## DESCRIPTION OF THE TASK
Could you copy each line of the listing that holds "Green"?

## DATA RECORDS
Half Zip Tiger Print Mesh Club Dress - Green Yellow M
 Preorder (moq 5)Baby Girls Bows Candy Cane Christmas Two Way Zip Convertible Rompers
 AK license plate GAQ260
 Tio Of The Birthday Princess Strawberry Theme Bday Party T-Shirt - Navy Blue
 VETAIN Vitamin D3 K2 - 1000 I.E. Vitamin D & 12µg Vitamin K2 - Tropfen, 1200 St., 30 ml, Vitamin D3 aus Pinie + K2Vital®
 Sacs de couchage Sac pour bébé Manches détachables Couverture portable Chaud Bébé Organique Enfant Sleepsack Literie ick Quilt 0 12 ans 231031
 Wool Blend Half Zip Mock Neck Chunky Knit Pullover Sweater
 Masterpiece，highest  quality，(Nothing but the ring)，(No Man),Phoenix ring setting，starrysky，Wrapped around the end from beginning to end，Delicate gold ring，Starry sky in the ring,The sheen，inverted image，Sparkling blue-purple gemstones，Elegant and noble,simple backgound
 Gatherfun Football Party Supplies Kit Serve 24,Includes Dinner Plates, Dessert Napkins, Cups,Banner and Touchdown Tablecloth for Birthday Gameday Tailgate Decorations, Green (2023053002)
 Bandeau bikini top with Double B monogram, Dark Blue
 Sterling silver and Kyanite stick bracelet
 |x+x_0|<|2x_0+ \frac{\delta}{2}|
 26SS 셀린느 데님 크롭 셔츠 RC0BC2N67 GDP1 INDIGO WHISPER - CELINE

## TASK ANSWER
Half Zip Tiger Print Mesh Club Dress - Green Yellow M
 Gatherfun Football Party Supplies Kit Serve 24,Includes Dinner Plates, Dessert Napkins, Cups,Banner and Touchdown Tablecloth for Birthday Gameday Tailgate Decorations, Green (2023053002)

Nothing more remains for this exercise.